DK: We’re doing all the traditional online routes, from iTunes, and CD Baby and are actually selling a lot of physical product on Amazon. Also through our website, WWW.HIROSHIMAMUSIC.COM. Our website also has my notes on all of the songs on the album. You learn a lot about marketing this way. The main advantage to me is that I can write the songs I want to write and we can record the songs we want to record, without any interference or corporate red tape regarding musicians contracts. That was a very difficult part of recording for labels. We could never have recorded a track the album opener “Red Buddha” in the past because it violates the formulas, mixing ancient Japanese elements, including kabuki shouting, with electronic drums and a pop groove.

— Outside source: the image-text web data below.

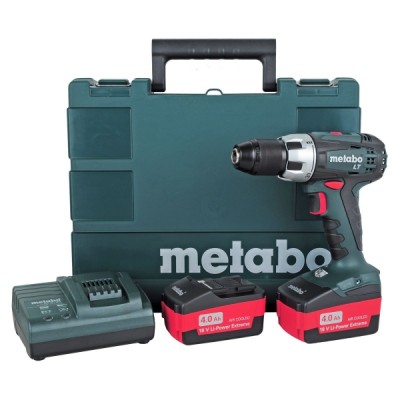Metabo BS18LT 18 Voltos akkus fúró-csavarozó 2 db18V/4,0Ah Li-Ion akkuval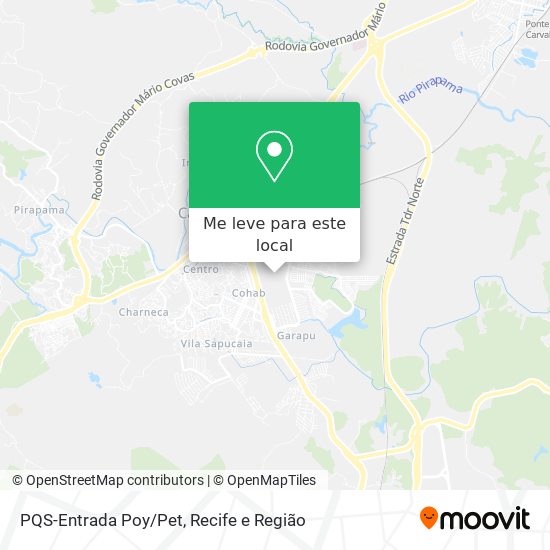 PQS-Entrada Poy/Pet mapa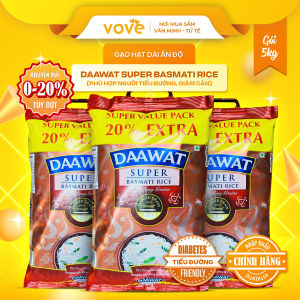 Gạo basmati Ấn Độ dành cho người tiểu đường 5kg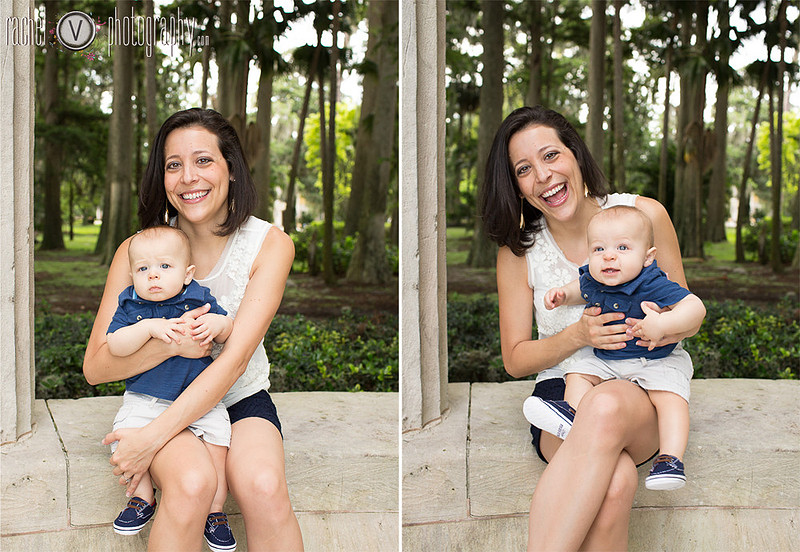"Family session for 8 month old pictures at Kraft Azalea Park in Winter Park Florida"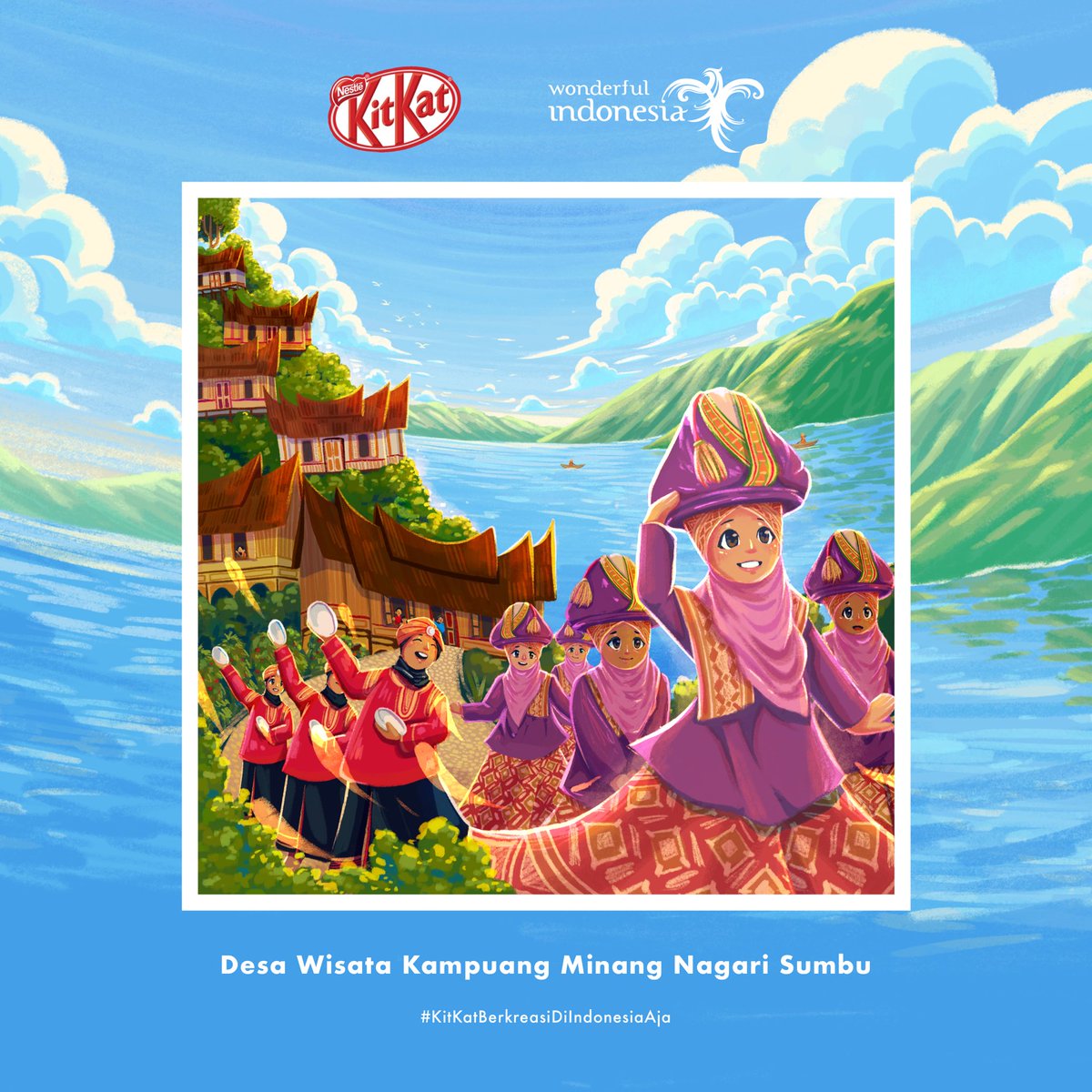 Late night post tapi super bangga brainstorming sehari, kerjain sehari. 

Ngga terlalu peduli menangnya, buat aku melawan burn out dan bisa menghasilkan kaya gini udah suatu kemenangan sih hehe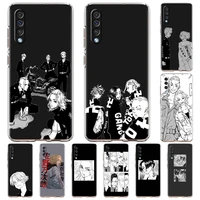 tokyo revengers silicone clear case for samsung a50 a10 a30 a70 a20s m31 m30s m51 a40 m12 a10e a20e m10 soft phone cover fundas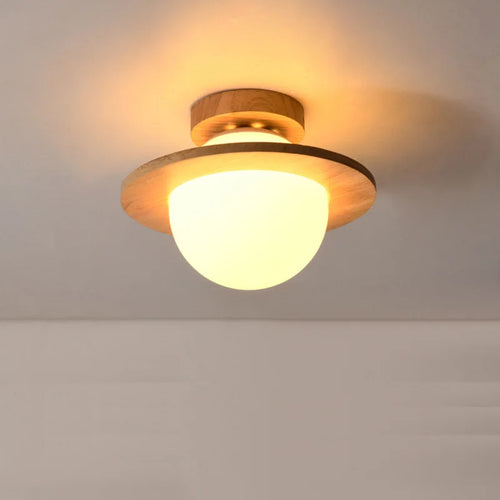 Plafonnier nordique en bois massif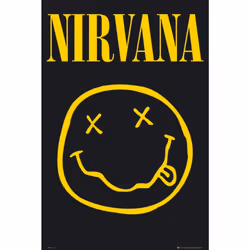 GB eye Nirvana Smiley Poster
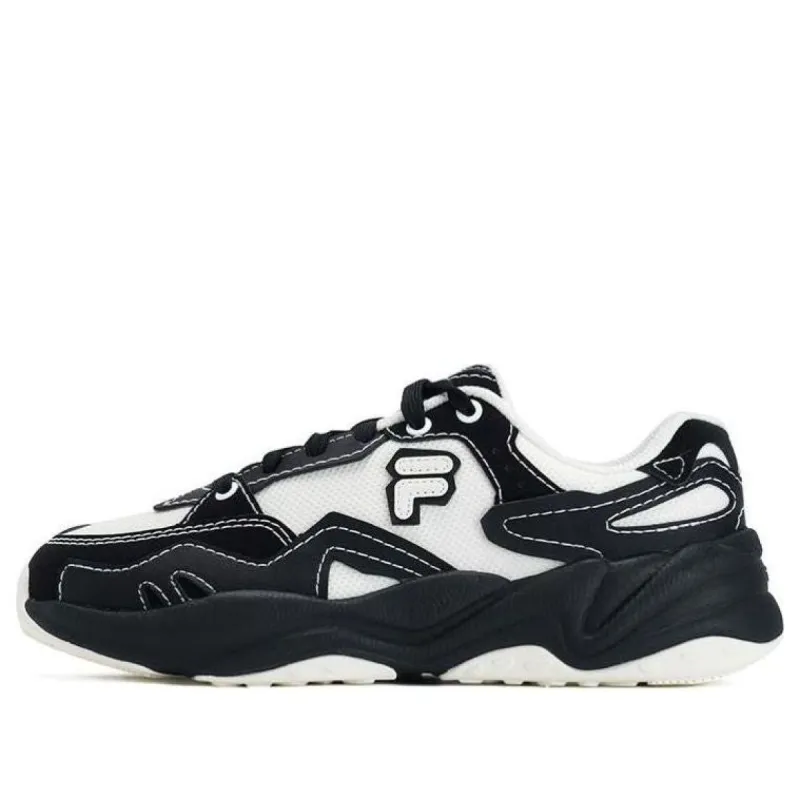 (WMNS) FILA FUSION FLASH Sneakers 'Black White' T12W331103FPB sold by KicksCrew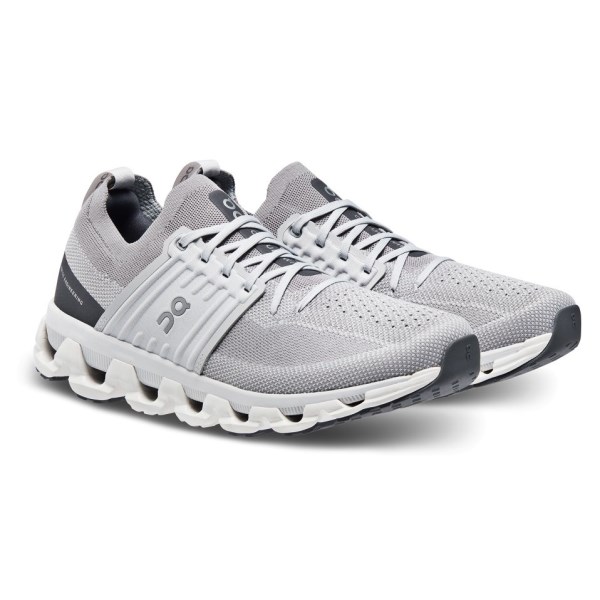On Cloudswift 3 - Mens Running Shoes - Alloy/Glacier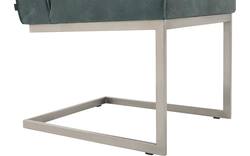 Goossens excellent eetkamerstoel tom groen leer - 8190647-02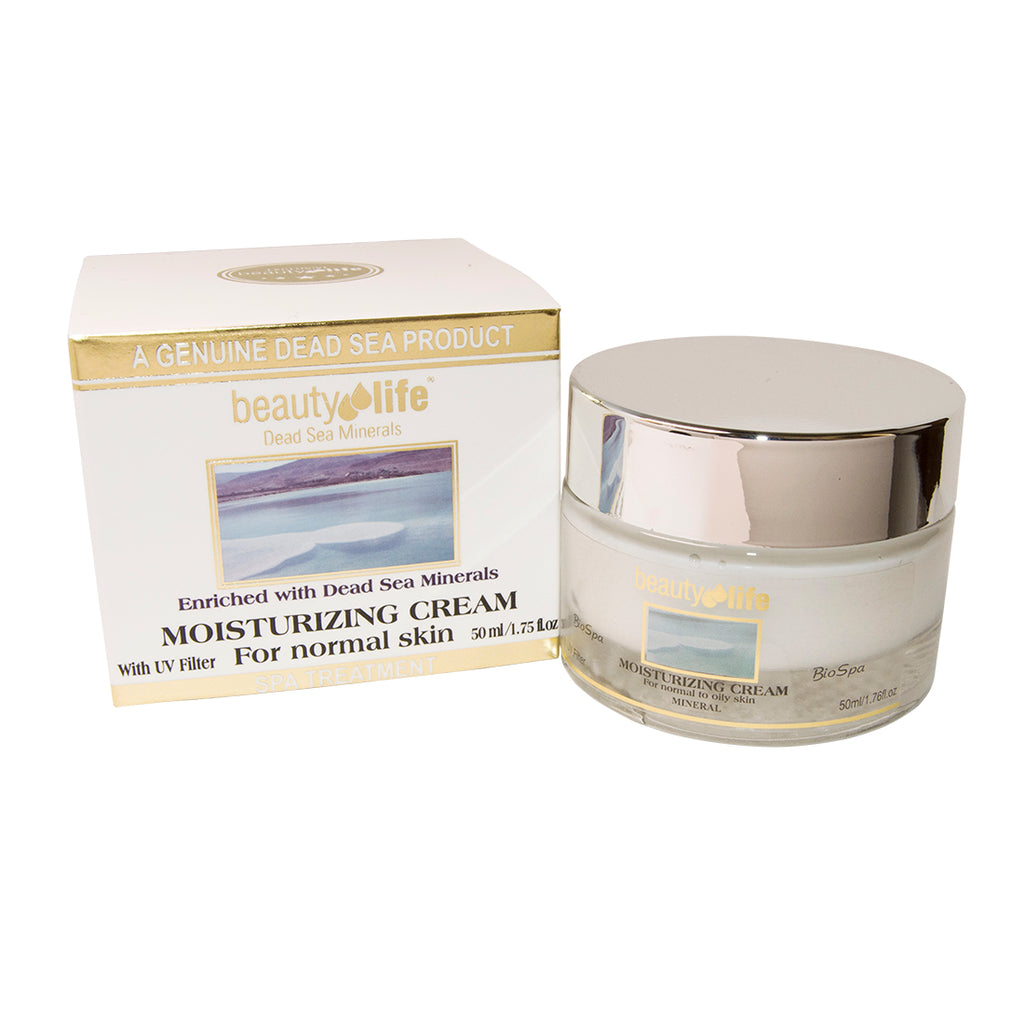 Moisturizing Cream for Normal Skin Beauty Life Dead Sea Minerals 1.75fl.oz/50ml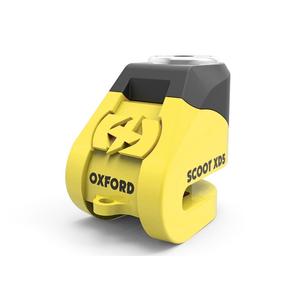 Κλειδαριά δισκόφρενου Oxford Scoot XD5 - κίτρινο/μαύρο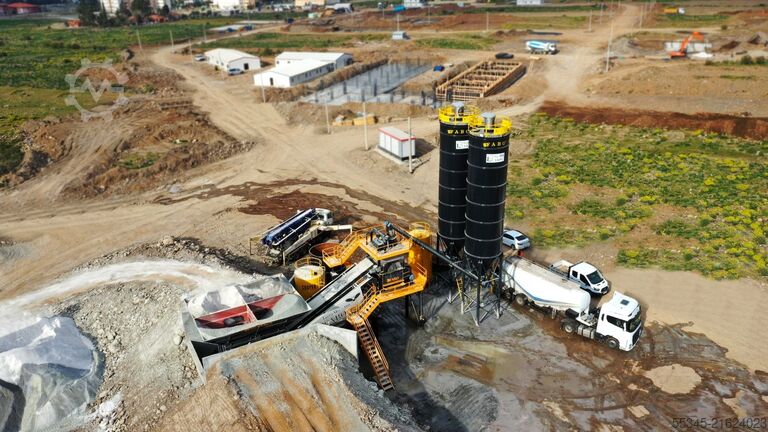 Mobile Betonmischanlage FABO Mobile Concrete Batching Plant 100 m3/h Mobile Concrete Batching Plant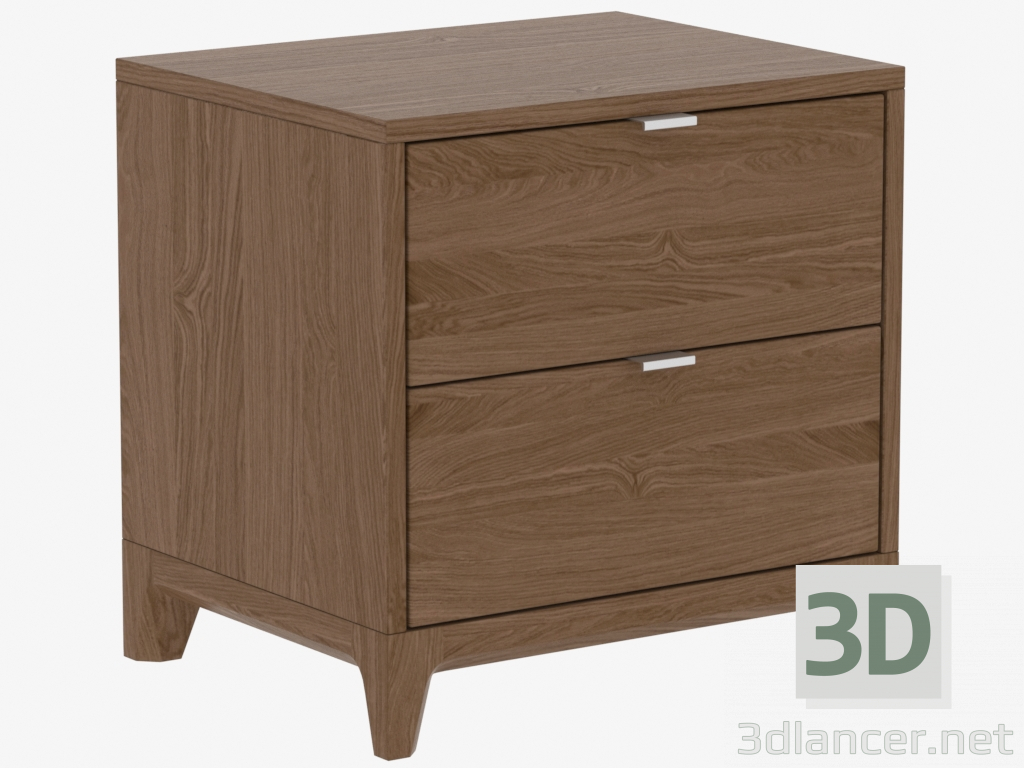 3d model Bedside nightstand CASE (IDC025101000) - preview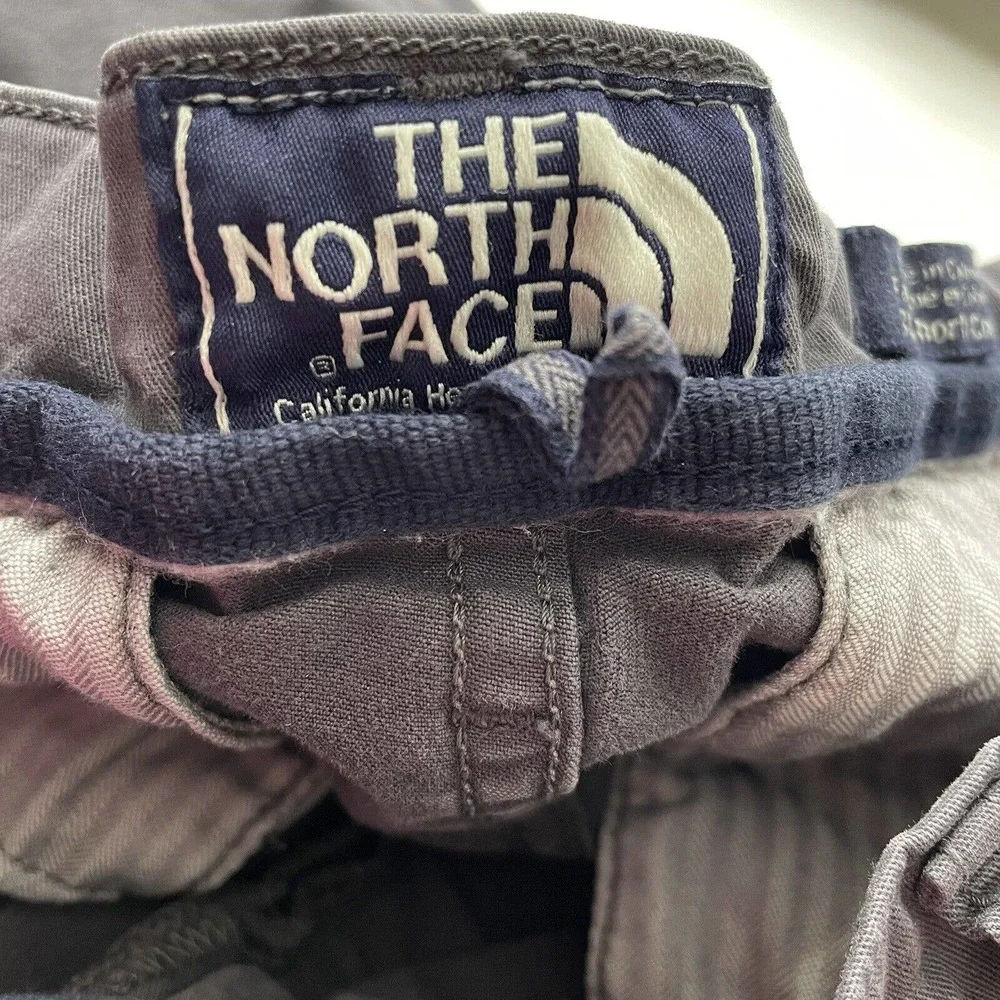 The North Face Mens Size 38 Short‎ Solid Grey Straight Leg Utility Pants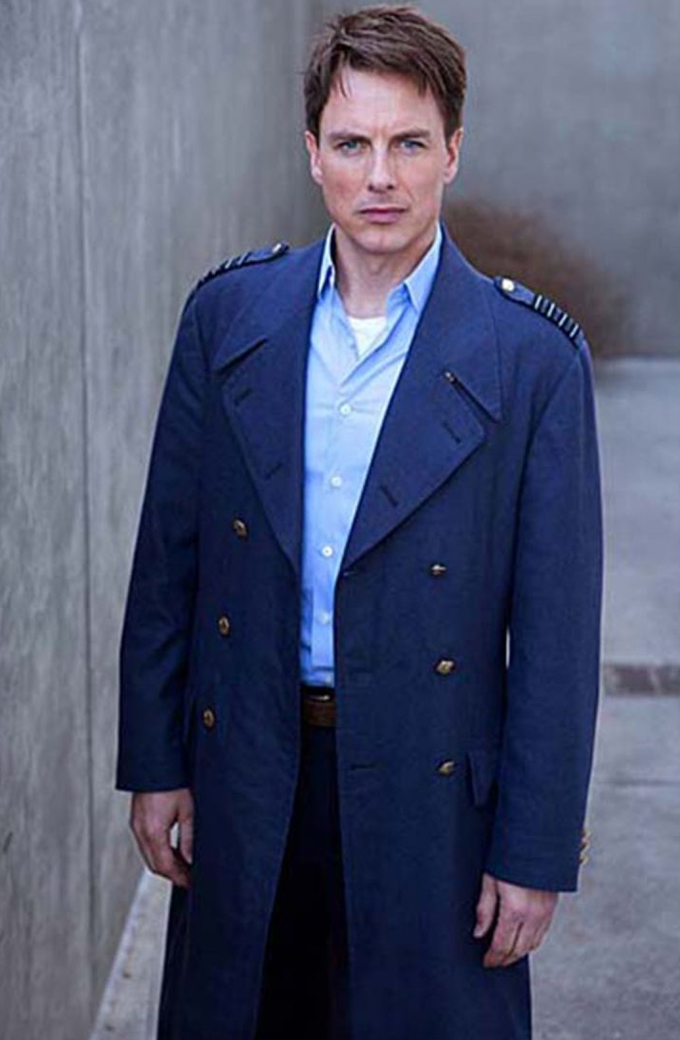 Doctor Who John Barrowman Captain Jack Harkness Wool Coat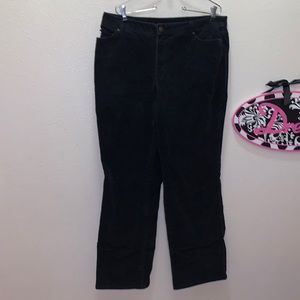 Style & Co petite black corduroy bootcut pants
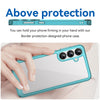 For Samsung Galaxy S25+ 5G Colorful Series Acrylic Hybrid TPU Phone Case(Transparent Blue)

Big labels always insisted that we make our first four songs potential radio singles. When we put June’s beautiful song “Have You Ever Wondered” on Departure, that was our own way of protesting that mentality. Every song of J-Town Beat has a cool story behind it, but the overall concept is a tongue and cheek look at the disconnect between Japanese American and Japanese society. This is especially illuminated in the track “Meiji Mambo,” about the way some Japanese people regard us Sansei. We are adventurers so we found a different way to add this perspective. Another cool thing about running our own label is the ability to create and market side projects. We just started a cool series of recordings called The Sessions, where we will bring in an artist, who will do one of our songs, one of his or her songs and then a third on. Our first artist was the extraordinary singer/percussionist Vinx. These will eventually be available on our site and other outlets.
JM: “J-Town” is the nickname of Los Angeles’ Little Tokyo. Tell me about that place and what it means to you personally? How does the music on the new album reflect the spirit of the place?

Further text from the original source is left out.